(Data entries)
▬▬▬▬▬▬

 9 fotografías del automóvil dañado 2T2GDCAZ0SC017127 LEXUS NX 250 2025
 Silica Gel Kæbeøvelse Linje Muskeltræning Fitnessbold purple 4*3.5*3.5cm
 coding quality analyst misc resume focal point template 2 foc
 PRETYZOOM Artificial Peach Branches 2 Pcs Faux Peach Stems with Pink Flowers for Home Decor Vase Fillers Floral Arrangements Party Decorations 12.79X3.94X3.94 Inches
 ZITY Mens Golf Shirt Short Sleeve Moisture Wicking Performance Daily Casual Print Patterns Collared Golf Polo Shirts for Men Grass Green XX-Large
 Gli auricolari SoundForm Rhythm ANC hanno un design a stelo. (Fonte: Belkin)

▬▬▬▬▬▬

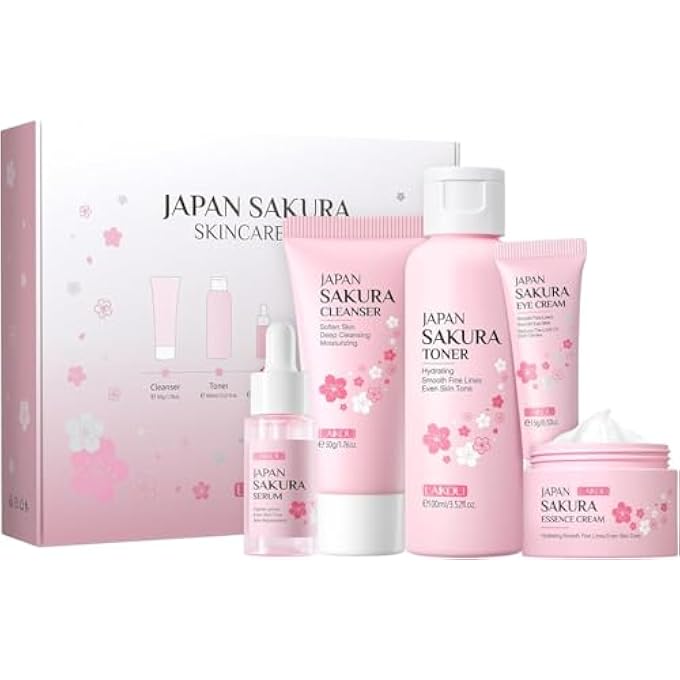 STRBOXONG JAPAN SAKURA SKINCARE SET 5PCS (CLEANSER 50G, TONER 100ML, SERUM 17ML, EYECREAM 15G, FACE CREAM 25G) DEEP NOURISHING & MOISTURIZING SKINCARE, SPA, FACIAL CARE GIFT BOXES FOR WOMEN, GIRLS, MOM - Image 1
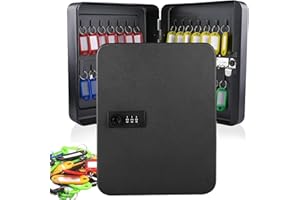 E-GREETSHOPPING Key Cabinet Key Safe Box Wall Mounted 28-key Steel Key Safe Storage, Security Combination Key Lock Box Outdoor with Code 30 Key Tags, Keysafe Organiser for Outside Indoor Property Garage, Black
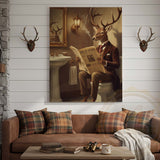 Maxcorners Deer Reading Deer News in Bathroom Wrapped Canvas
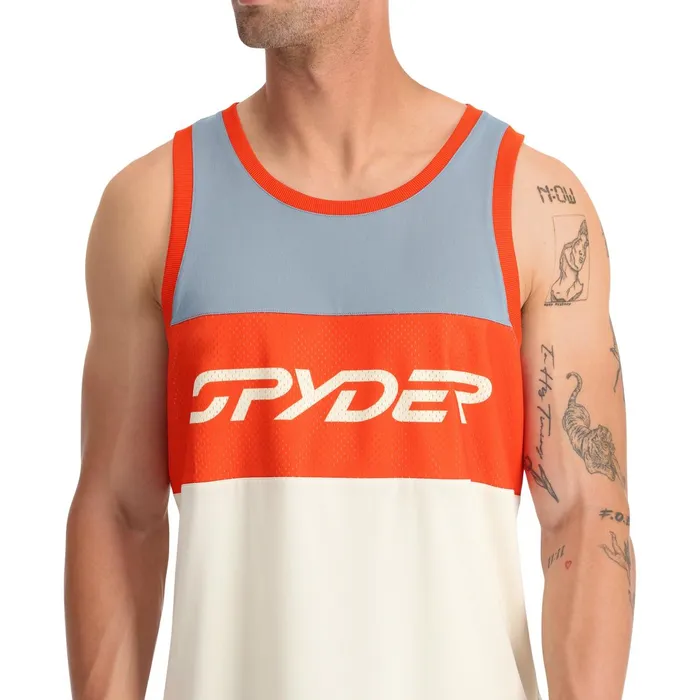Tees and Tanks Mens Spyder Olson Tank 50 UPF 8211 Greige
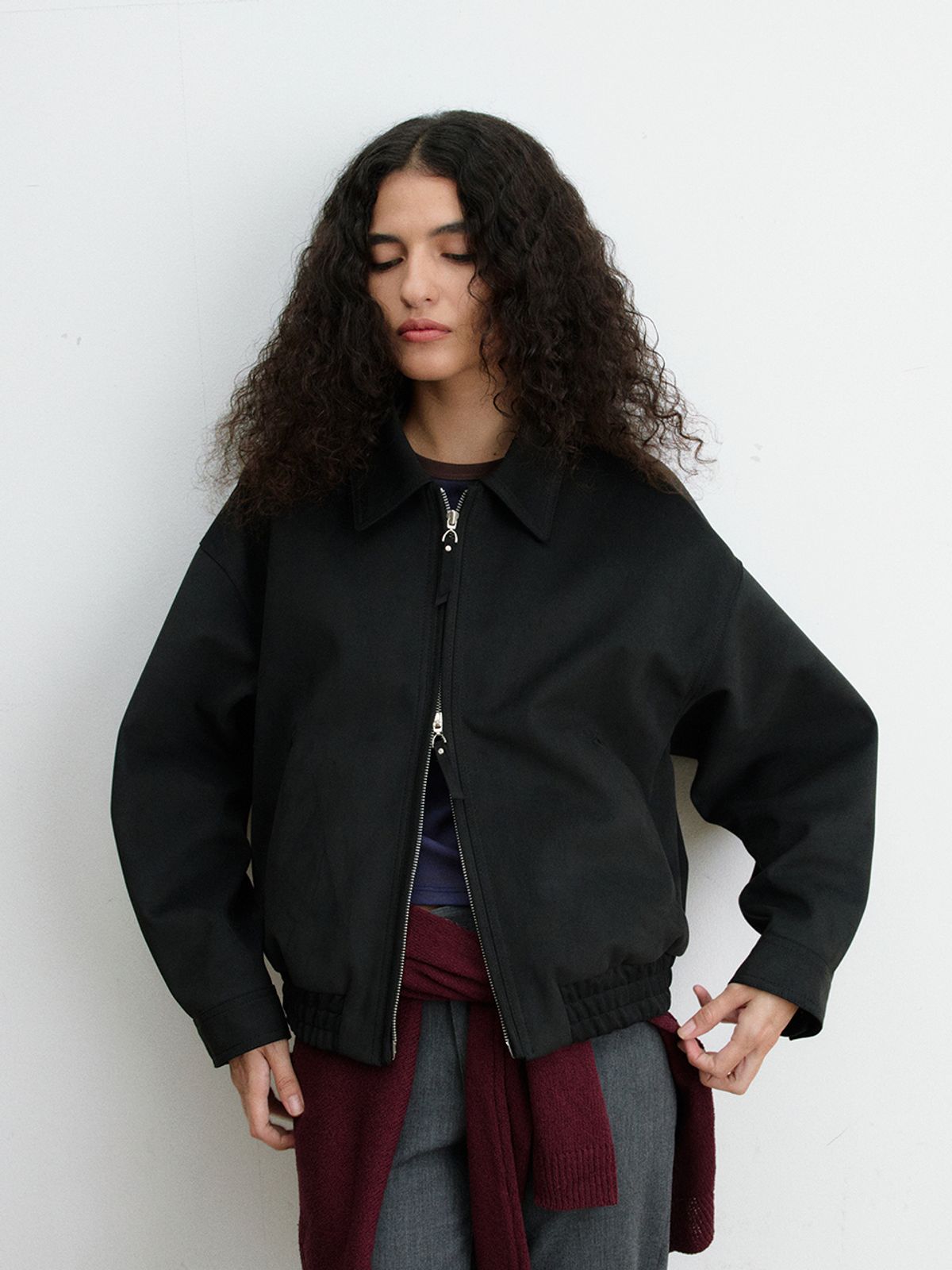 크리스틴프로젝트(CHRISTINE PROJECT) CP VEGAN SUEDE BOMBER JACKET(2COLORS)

▬▬▬▬▬▬

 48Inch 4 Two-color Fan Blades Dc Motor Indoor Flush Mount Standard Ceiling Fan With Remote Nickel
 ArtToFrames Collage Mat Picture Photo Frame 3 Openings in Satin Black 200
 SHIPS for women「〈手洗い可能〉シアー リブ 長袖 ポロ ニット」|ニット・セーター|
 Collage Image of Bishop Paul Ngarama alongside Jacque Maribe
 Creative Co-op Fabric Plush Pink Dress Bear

▬▬▬▬▬▬

**Task requirements:** Both boundary lines included, write out word for word only the lines above from the one containing "Maxcorners Deer Reading" to the one containing "크리스틴프로젝트(CHRISTINE PROJECT) CP", leaving out any pictures.

**Exercise response:**
 Maxcorners Deer Reading Deer News in Bathroom Wrapped Canvas
Tees and Tanks Mens Spyder Olson Tank 50 UPF 8211 Greige
 크리스틴프로젝트(CHRISTINE PROJECT) CP VEGAN SUEDE BOMBER JACKET(2COLORS)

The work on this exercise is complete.